While those who impress in the field of people strategy may not be able to claim influence of this magnitude, the words used by those nominating them in the sector to define influence in this area could as easily be attributed to the King James Bible.
'Respected, inspirational, trusted, engaging, leading, challenging, strong on values, insightful, a catalyst for change' - these were common descriptions of the HR practitioners and thinkers who made it into our annual HR Most Influential ranking.
The HR directors and academics on the 2011 lists were also seen as 'articulate, smart, bold, innovative, having common sense, evidence-based and, of course, strategic'.
This is the sixth year HR magazine has compiled the HR Most Influential ranking, with help from its academic partner Ashridge Business School and the support of Ceridian. The magazine believes this is the definitive list of directors and thinkers who have the greatest influence in the field of people strategy. Some are perennial favourites, some are controversial and many reflect the business environment in which they are operating. But all are ranked by their peers: leading HR directors and management academics.
The ranking is based on the nominee showing elements such as:
? Challenges conventional thinking in HR
? Brings credibility to HR, both inside and outside the business
? Plays an ambassadorial role
? Commands the respect of peers and key stakeholders
? Adds real value to the business
? Is visionary and transformational
What is clear from the research this year is that people in this field define influence in two main ways: those who are visibly challenging HR norms, making people re-think what HR is and how it is seen in the business. These people - both practitioners and academics - understand the power of communication and are spreading the word, using all available media and new technology to communicate fresh ideas and practices.

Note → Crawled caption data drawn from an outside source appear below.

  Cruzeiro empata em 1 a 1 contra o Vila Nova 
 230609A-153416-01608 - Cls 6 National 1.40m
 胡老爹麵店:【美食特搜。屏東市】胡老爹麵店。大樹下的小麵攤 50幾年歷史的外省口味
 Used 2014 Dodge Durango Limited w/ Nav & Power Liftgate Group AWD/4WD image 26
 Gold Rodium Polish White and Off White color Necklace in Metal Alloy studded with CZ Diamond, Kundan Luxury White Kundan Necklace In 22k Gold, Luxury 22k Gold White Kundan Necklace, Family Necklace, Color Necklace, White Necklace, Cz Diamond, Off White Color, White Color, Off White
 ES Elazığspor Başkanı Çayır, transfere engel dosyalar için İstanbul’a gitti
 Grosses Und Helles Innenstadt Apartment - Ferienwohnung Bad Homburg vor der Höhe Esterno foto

Then there are those who are viewed as influential in the particular context of the time, their industry or organisation. These people are seen as changing the face of HR internally, consistently having impact on their organisation during challenging times, leading change, transforming HR and being truly business-orientated. In the academic world, they may be influential in raising a particular agenda in the media or in political circles.

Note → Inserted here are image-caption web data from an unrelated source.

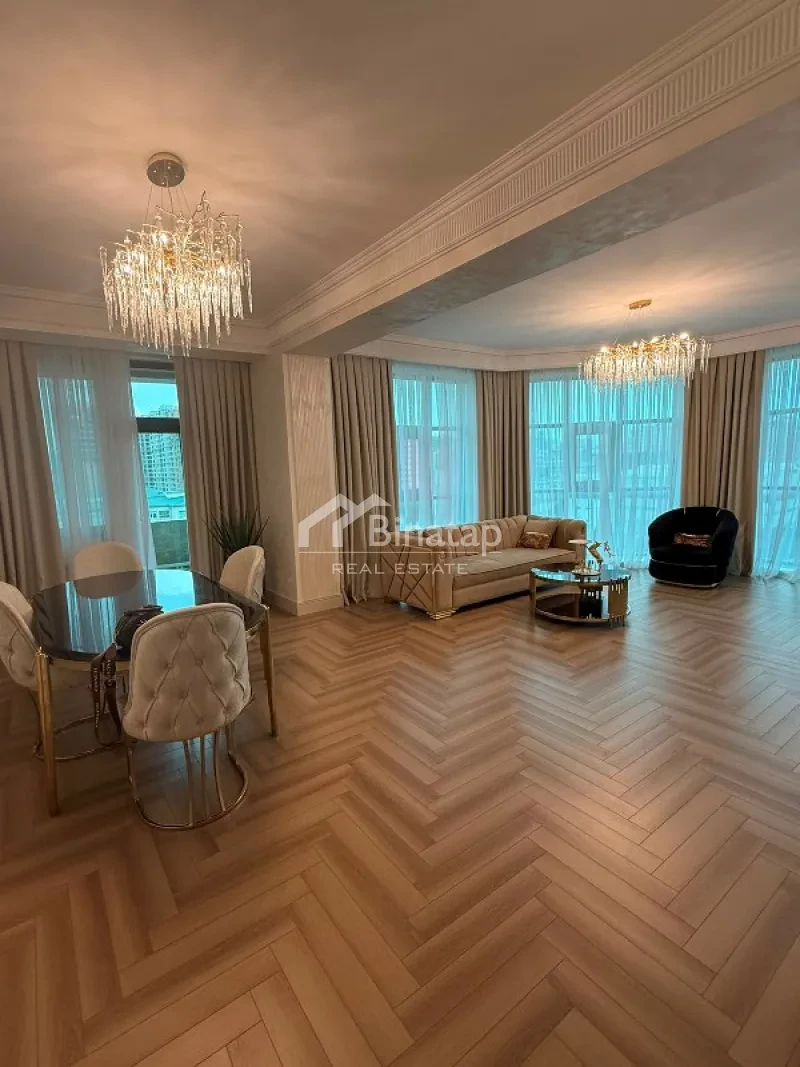 Satılır 3 otaqlı yeni tikili 137 m², 8 Noyabr m.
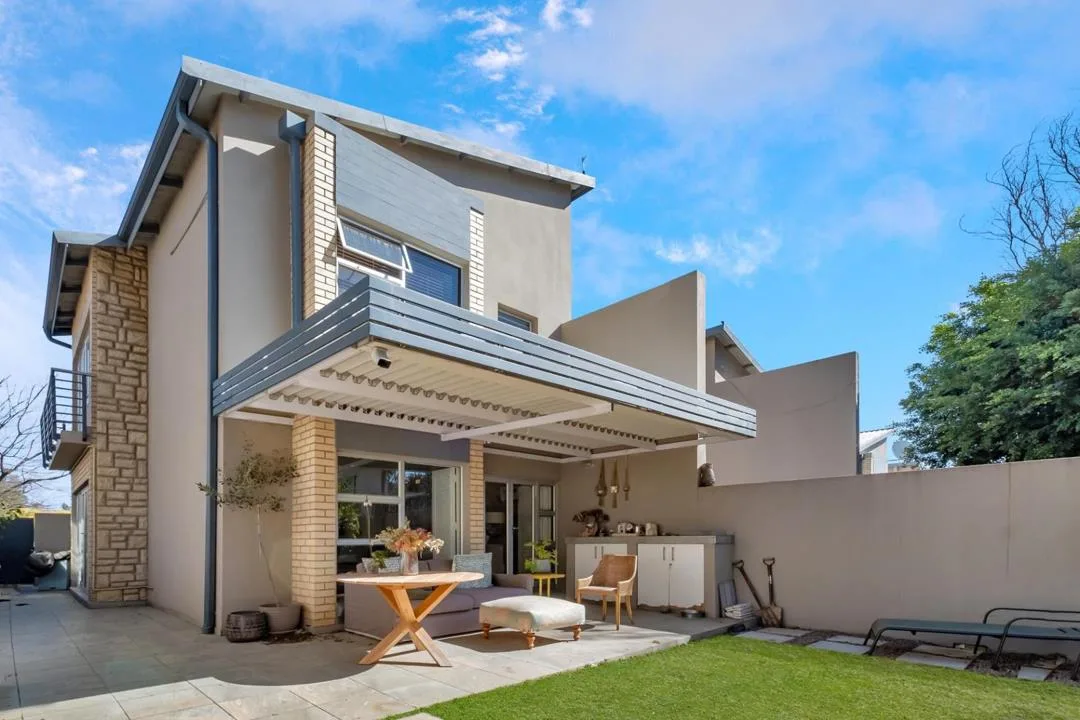 3 Bedroom Townhouse to rent in Craighall Park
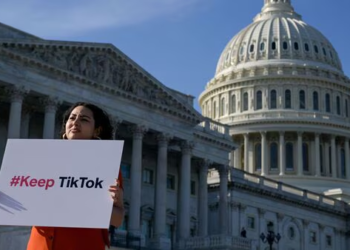 US Lawmakers Pass Bill Targeting TikTok Ownership Amidst National Security Concerns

"For us, the top people we deal with in HR are not simply going about their business in the background, practising HR, but are true business leaders," says Ceridian managing director Doug Sawers. "They influence and support all aspects of a business or organisation. They work just as closely on revenue and growth initiatives, as they do in areas of compliance, control or cost reduction. They are the ones often first consulted on and drawn into key strategic moves an organisation is contemplating.
"It helps that far more evidence now exists which demonstrates the true value of great HR contribution and support. These are the ones coming to the fore in these uncertain times with clear thinking, strong influence and great leadership," adds Sawers.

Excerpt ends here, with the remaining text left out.